== Assignment ==
Return the data below exactly, but only from the line containing "Victorian Tiger Maple" through the line containing "How to sketch a pinecone tattoo", with both of those lines included.

BEGIN

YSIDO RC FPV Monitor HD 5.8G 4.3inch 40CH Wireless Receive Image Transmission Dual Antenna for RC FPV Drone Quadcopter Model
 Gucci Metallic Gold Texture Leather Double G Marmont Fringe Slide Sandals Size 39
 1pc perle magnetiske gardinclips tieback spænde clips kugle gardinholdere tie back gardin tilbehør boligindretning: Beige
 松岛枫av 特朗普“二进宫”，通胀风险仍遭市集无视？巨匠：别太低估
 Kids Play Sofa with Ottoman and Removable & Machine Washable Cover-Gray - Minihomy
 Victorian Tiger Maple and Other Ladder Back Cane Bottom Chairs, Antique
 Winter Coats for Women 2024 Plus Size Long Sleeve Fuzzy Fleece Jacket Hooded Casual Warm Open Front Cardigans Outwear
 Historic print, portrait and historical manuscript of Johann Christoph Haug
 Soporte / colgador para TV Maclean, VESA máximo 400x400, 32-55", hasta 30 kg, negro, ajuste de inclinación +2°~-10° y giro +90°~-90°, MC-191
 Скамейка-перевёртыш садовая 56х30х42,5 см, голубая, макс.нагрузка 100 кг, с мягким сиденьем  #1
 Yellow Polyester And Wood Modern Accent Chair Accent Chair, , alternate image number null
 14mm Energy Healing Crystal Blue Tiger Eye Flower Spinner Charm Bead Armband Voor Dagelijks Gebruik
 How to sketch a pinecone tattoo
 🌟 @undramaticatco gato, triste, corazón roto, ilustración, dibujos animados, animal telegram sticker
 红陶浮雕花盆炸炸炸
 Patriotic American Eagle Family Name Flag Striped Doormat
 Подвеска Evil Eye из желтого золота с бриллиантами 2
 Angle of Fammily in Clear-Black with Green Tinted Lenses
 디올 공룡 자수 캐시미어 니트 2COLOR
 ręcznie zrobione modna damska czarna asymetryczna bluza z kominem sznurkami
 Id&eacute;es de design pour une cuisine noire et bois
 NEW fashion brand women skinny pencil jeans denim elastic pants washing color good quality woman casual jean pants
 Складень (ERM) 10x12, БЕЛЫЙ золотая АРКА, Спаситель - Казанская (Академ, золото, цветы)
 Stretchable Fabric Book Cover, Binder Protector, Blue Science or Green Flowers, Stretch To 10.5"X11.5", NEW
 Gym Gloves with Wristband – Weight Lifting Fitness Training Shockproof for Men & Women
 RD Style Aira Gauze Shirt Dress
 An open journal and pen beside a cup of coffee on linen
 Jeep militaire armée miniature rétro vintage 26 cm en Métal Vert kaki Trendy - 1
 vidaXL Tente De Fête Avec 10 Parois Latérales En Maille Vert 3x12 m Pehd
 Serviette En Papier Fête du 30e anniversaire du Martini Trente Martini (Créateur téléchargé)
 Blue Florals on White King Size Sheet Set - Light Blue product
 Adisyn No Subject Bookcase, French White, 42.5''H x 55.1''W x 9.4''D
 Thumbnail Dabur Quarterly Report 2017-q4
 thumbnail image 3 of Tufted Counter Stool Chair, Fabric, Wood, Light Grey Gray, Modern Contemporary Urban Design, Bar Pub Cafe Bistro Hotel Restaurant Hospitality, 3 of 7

END

== Response to the exercise ==
 Victorian Tiger Maple and Other Ladder Back Cane Bottom Chairs, Antique
 Winter Coats for Women 2024 Plus Size Long Sleeve Fuzzy Fleece Jacket Hooded Casual Warm Open Front Cardigans Outwear
 Historic print, portrait and historical manuscript of Johann Christoph Haug
 Soporte / colgador para TV Maclean, VESA máximo 400x400, 32-55", hasta 30 kg, negro, ajuste de inclinación +2°~-10° y giro +90°~-90°, MC-191
 Скамейка-перевёртыш садовая 56х30х42,5 см, голубая, макс.нагрузка 100 кг, с мягким сиденьем  #1
 Yellow Polyester And Wood Modern Accent Chair Accent Chair, , alternate image number null
 14mm Energy Healing Crystal Blue Tiger Eye Flower Spinner Charm Bead Armband Voor Dagelijks Gebruik
 How to sketch a pinecone tattoo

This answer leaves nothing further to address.